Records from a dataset
___
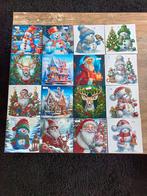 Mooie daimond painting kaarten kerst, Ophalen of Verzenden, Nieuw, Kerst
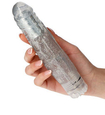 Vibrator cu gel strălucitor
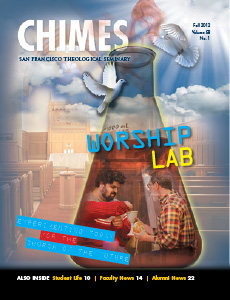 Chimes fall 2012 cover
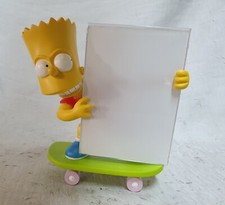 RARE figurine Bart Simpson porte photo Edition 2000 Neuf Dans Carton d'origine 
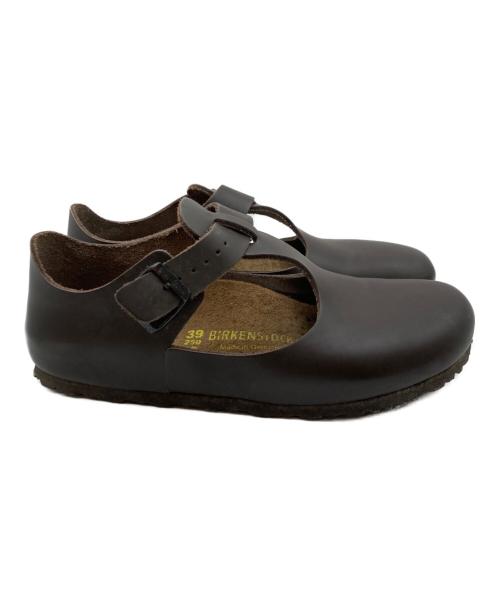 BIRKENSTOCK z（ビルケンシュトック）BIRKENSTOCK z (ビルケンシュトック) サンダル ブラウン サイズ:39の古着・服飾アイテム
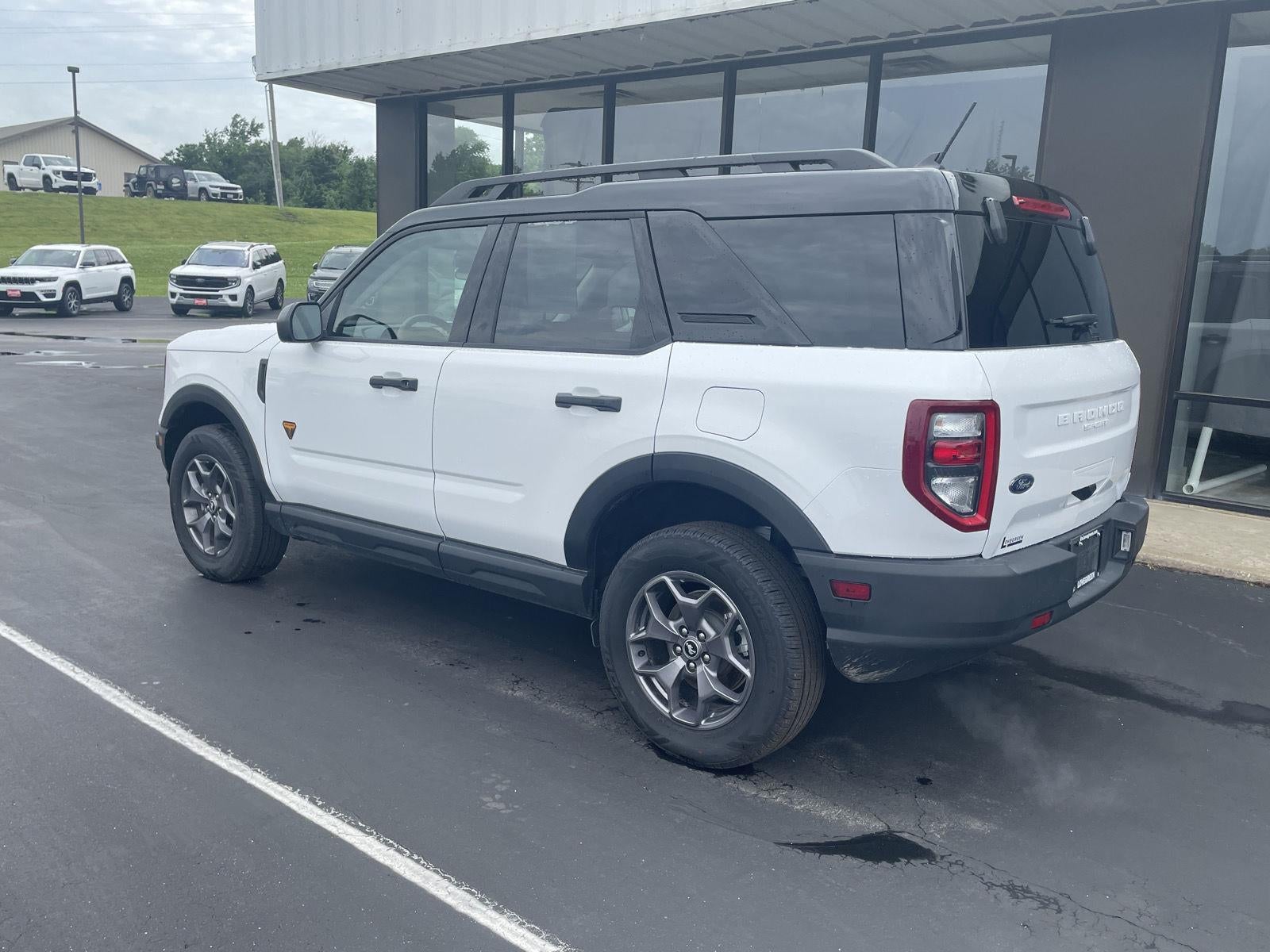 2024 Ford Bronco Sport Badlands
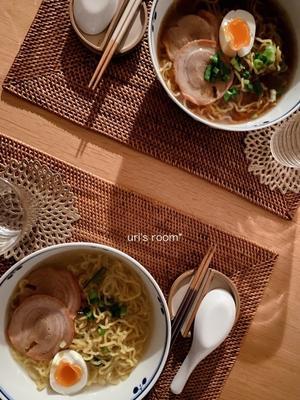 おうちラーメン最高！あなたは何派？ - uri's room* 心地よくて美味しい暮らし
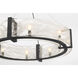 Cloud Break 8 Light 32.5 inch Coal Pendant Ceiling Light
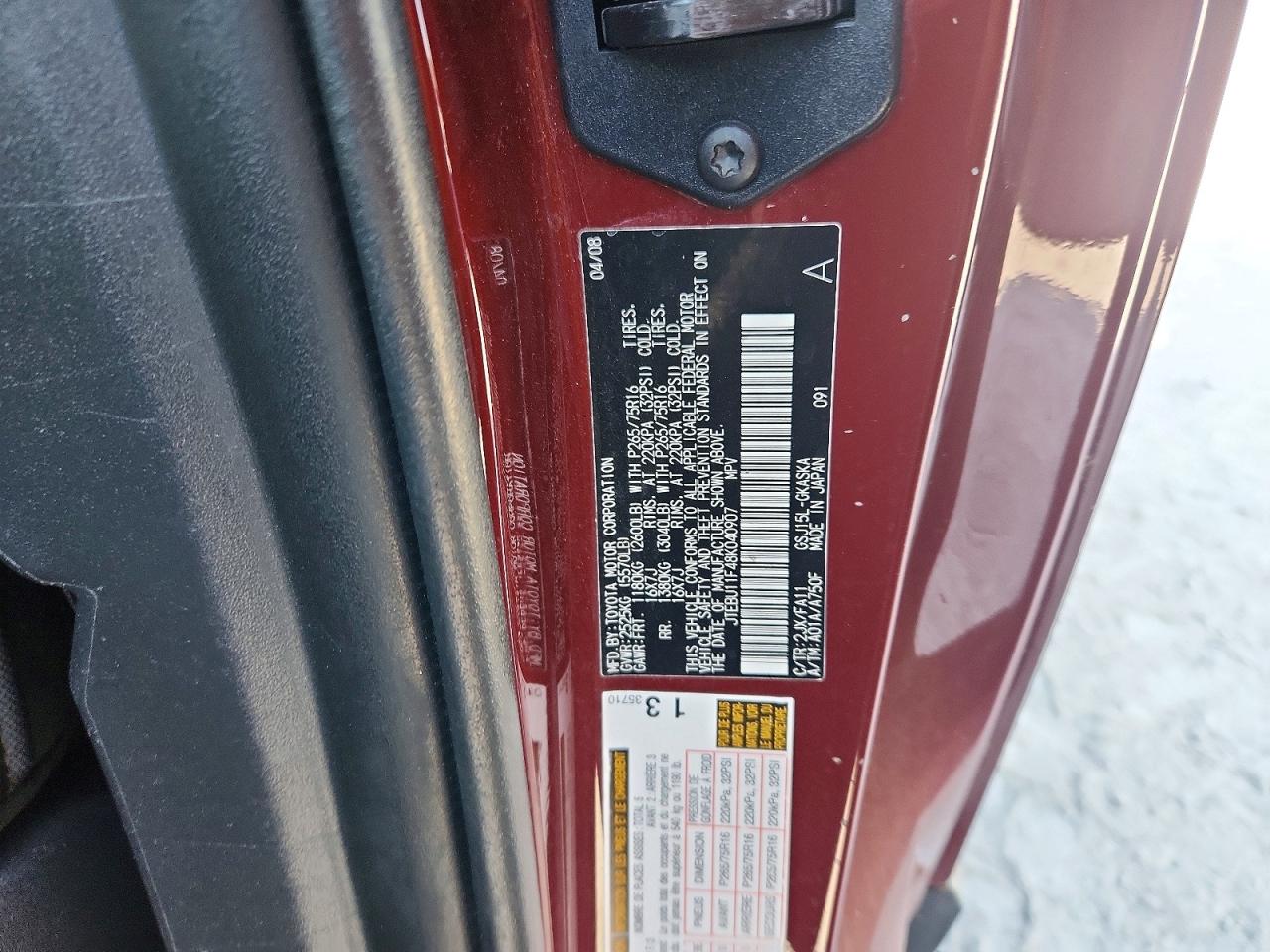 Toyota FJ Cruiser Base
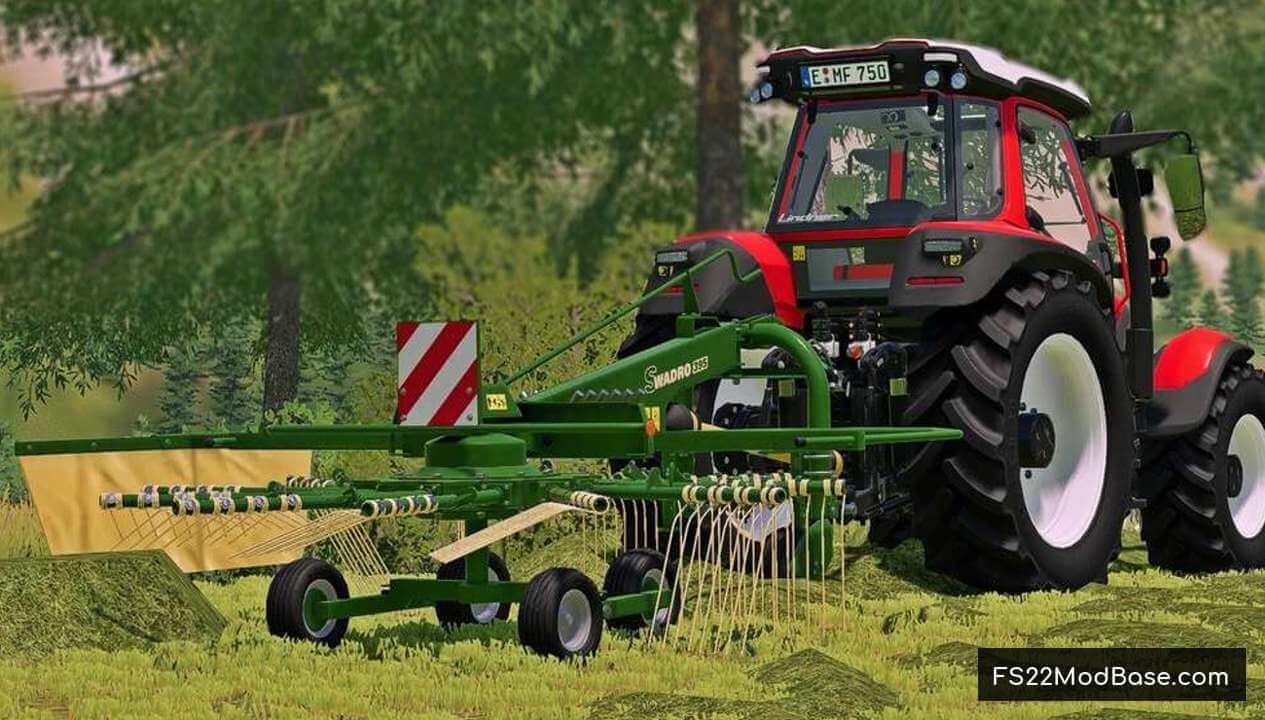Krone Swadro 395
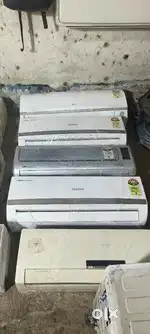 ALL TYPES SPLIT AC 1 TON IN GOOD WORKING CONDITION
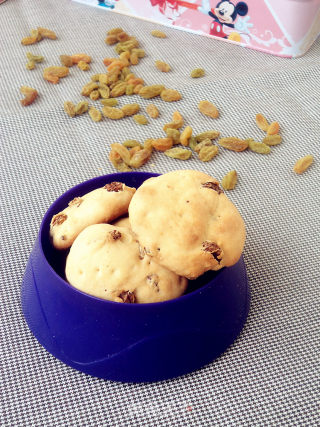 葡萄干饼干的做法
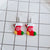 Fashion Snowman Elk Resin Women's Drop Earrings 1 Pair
___
Exercise goal: Write out the entries again, word for word. No images.

Task answer:
 Mooie daimond painting kaarten kerst, Ophalen of Verzenden, Nieuw, Kerst
 Vibrator cu gel strălucitor
 Chimes fall 2012 cover
 RARE figurine Bart Simpson porte photo Edition 2000 Neuf Dans Carton d'origine 
 BIRKENSTOCK z（ビルケンシュトック）BIRKENSTOCK z (ビルケンシュトック) サンダル ブラウン サイズ:39の古着・服飾アイテム
 2024 Ford Bronco Sport Badlands
 おうちラーメン最高！あなたは何派？ - uri's room* 心地よくて美味しい暮らし
 Cloud Break 8 Light 32.5 inch Coal Pendant Ceiling Light
 Toyota FJ Cruiser Base
Krone Swadro 395
 ALL TYPES SPLIT AC 1 TON IN GOOD WORKING CONDITION
 葡萄干饼干的做法
 Fashion Snowman Elk Resin Women's Drop Earrings 1 Pair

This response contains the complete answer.